Action item
With the pictures removed, please write out every line below exactly as given.

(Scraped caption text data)
◆ ◆ ◆ ◆ ◆ ◆ ◆
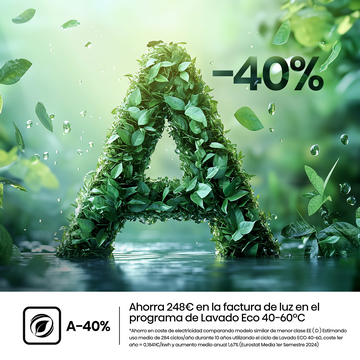 Una gran 'A' verde hecha de hojas con '-40%' encima. Agua y hojas en el fondo. Texto sobre ahorro energético en la parte inferior.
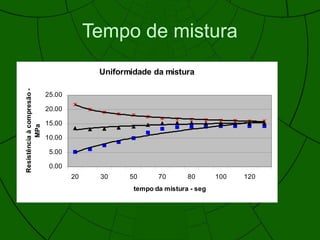 Tempo de mistura
• Uniformidade da mistura
0.00
5.00
10.00
15.00
20.00
25.00
20 30 50 70 80 100 120
tempo da mistura - seg
Resistênciaàcompresão-
MPa
 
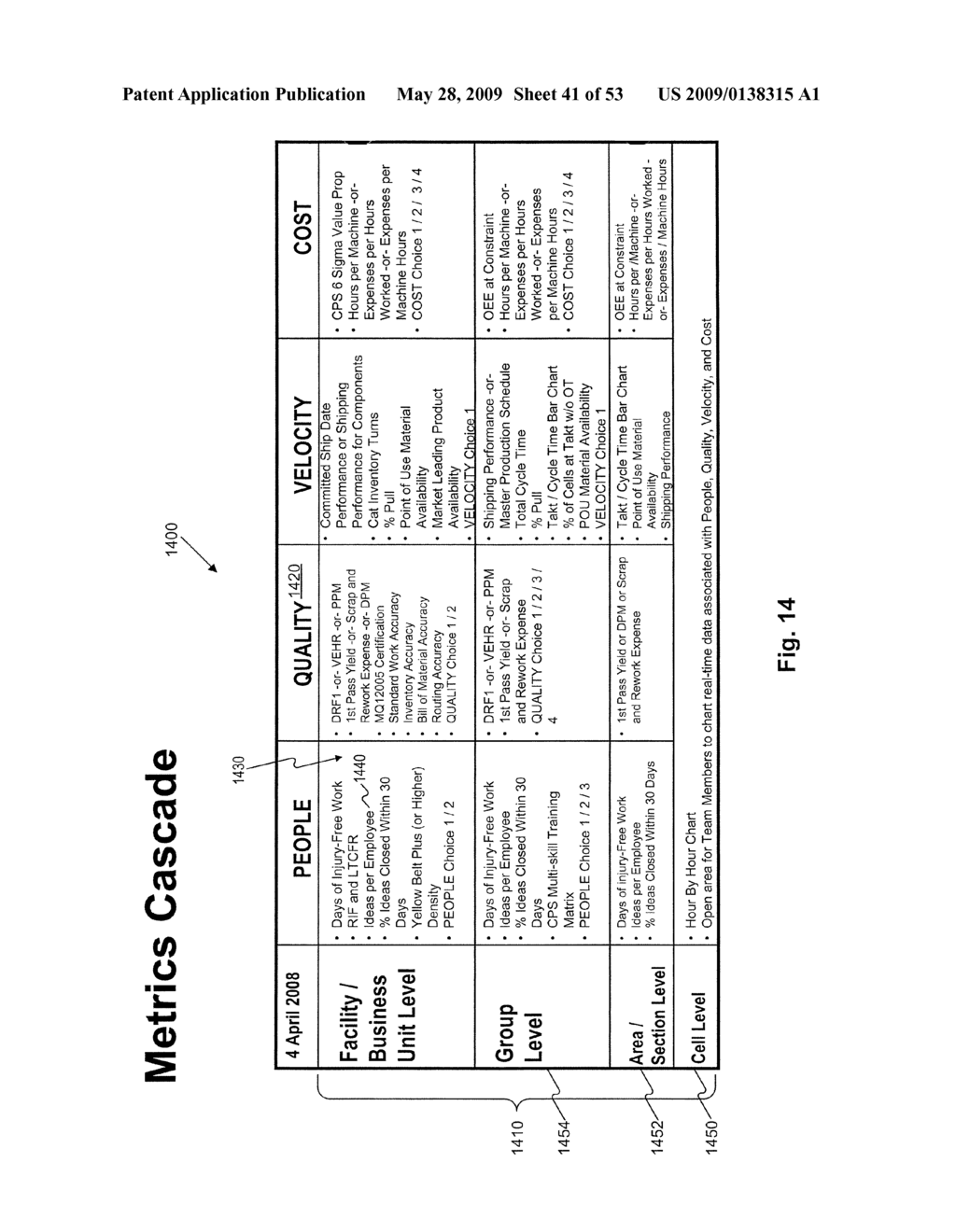 Method and system for assessing process conformance in the production of products - diagram, schematic, and image 42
◆ ◆ ◆ ◆ ◆ ◆ ◆
Response box
 Una gran 'A' verde hecha de hojas con '-40%' encima. Agua y hojas en el fondo. Texto sobre ahorro energético en la parte inferior.
 Tempo de mistura
• Uniformidade da mistura
0.00
5.00
10.00
15.00
20.00
25.00
20 30 50 70 80 100 120
tempo da mistura - seg
Resistênciaàcompresão-
MPa
 
 Method and system for assessing process conformance in the production of products - diagram, schematic, and image 42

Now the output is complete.